London’s Daily Telegraph reports an article from a top neurosurgeon who says he went to heaven during and near death experience. Heaven was full of pink fluffy clouds and shimmering winged beings and lovely music and there was a pretty lady too who went with him on his out of body journey. The Telegraph also reports Professor Colin Blakemore’s skeptical response. You can read that one here.
What are we to make of NDEs? For the believer they confirm his beliefs. For the skeptic they confirm his belief that believers are gullible mugs.
What interests me therefore about the experiences is that they would seem not to prove anything to anybody. Or do they? What they do prove is that there’s something to prove. What I mean to say is that there is something not nothing. The curious thing is that an NDE is an experience of something. It is a positive happening. No matter what it means or how it happened–it took place. Therefore it has the potential to have a positive effect. It just might convince some people of an afterlife whereas it will never convince someone that the afterlife does not exist. Those who disbelieve in an afterlife are therefore banking on a negation. They’re putting their beliefs in a non belief. They’re investing their time in denial and their efforts in de-bunking something. They therefore end up with nothing, and they have no way to prove their nothing except to continue to deny the something. Their position is what darkness is to light or cold is to warmth. It’s the absence of something not the presence of anything.

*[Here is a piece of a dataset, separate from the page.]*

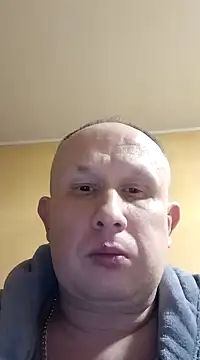 Snapshot of dikas45xxx chatting on December 29, 4:51 pm dikas45xxx online show from December 29, 4:51 pm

This is why the position of faith is so much more attractive and interesting than the position of atheism and doubt. The believer is always proposing something positive and real and possible–even if it is far-fetched and turns out to be fake. At least he’s investing in an experience and banking on a belief. The non believer can only ever deny, negate and affirm an emptiness. The believer has something he can get his teeth into. He’s got dogma and gospels and hypocrites and popes and saints and sinners and heaven and hell. The non believer has….nothing except his denial.
Here’s my point: I’m in favor of the fellow who had an NDE and went to heaven and saw pink fluffy clouds, angels and a beautiful lady. I like Dante and the circles of hell and the visions of hell that the Fatima visionaries had and the dying experience of my grandfather who saw the angels before his died and told my grandmother so. This is so much more interesting and well, FUN than the sour old spoil sport who says, “Nah, that didn’t happen. It was just a pop and fizzle in the guys brain.”
Me? I’ve got an interesting heaven to think about and some puzzles about what comes next and a certain amount of anticipation and trepidation. What does the non-believer have? Nada. Zilch. Only himself and his disbelief and denial.